About this task: With pictures left out, output word for word the lines from the one containing "E. Hildebrandt: Tullia" through the end of the material below.

Data:
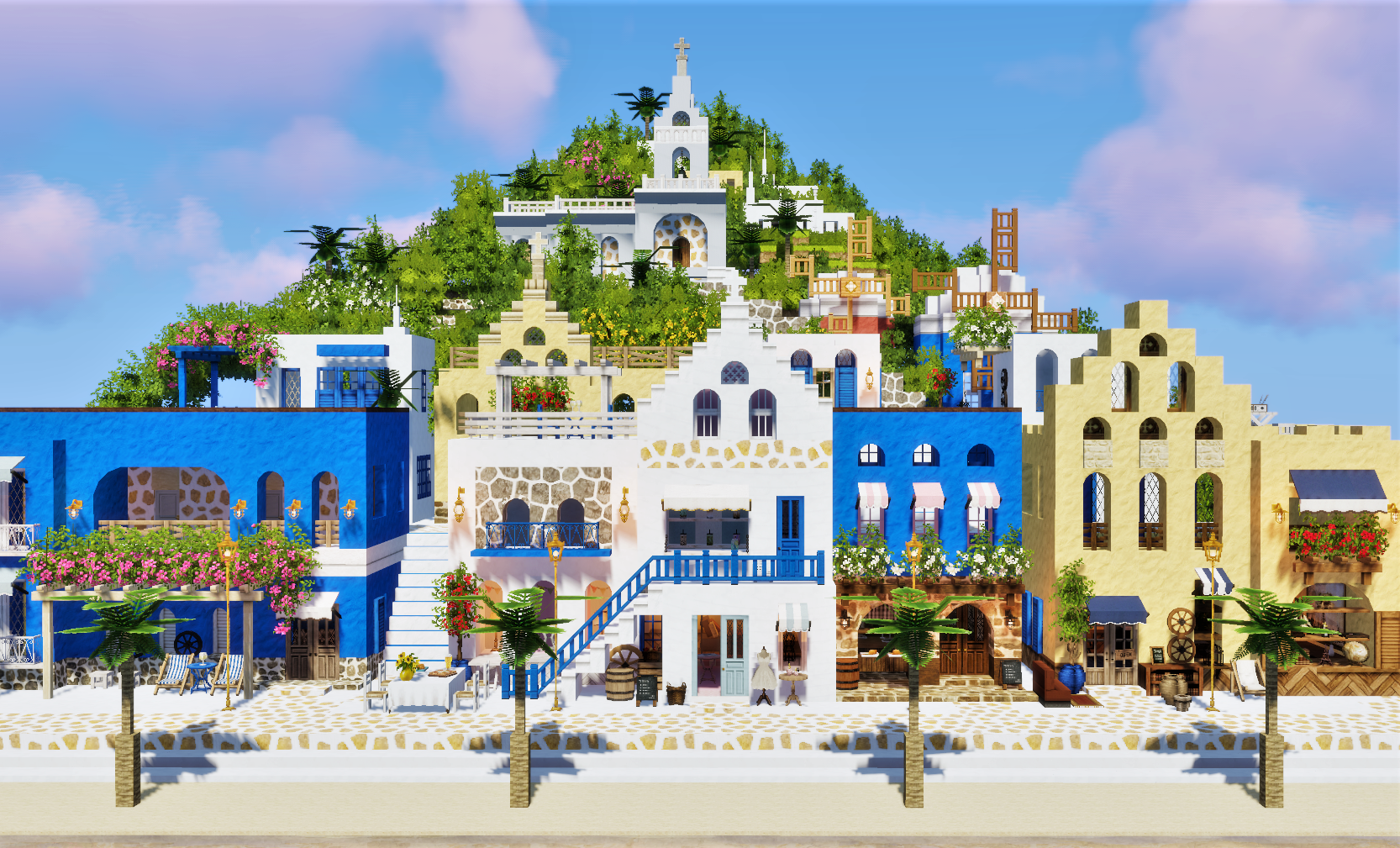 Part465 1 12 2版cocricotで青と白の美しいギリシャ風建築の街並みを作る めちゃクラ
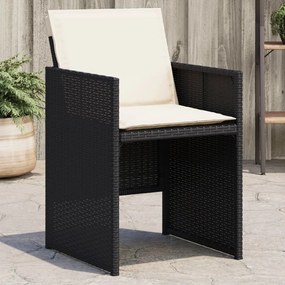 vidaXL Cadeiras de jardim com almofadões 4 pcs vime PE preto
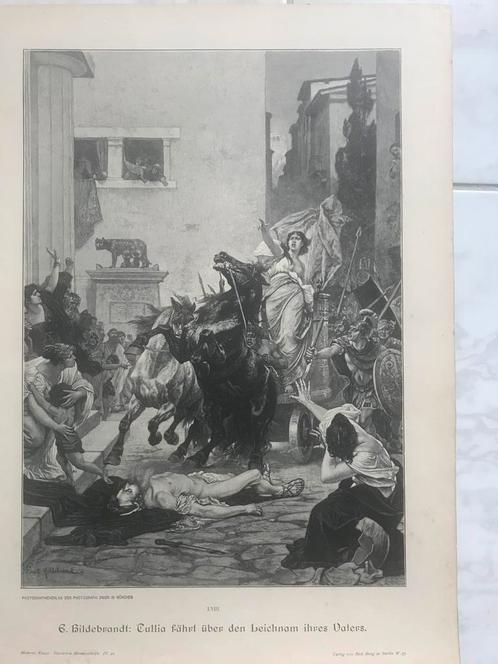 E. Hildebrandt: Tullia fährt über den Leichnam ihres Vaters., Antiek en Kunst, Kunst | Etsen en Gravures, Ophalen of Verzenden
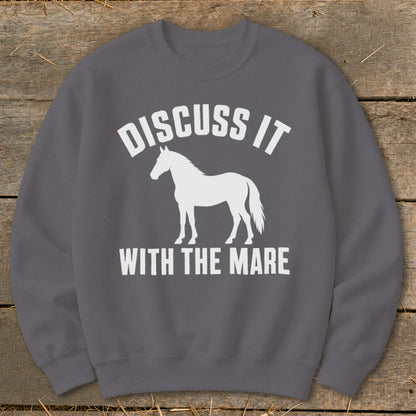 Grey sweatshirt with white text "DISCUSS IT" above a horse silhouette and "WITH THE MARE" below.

Response area:
 E. Hildebrandt: Tullia fährt über den Leichnam ihres Vaters., Antiek en Kunst, Kunst | Etsen en Gravures, Ophalen of Verzenden
 Grey sweatshirt with white text "DISCUSS IT" above a horse silhouette and "WITH THE MARE" below.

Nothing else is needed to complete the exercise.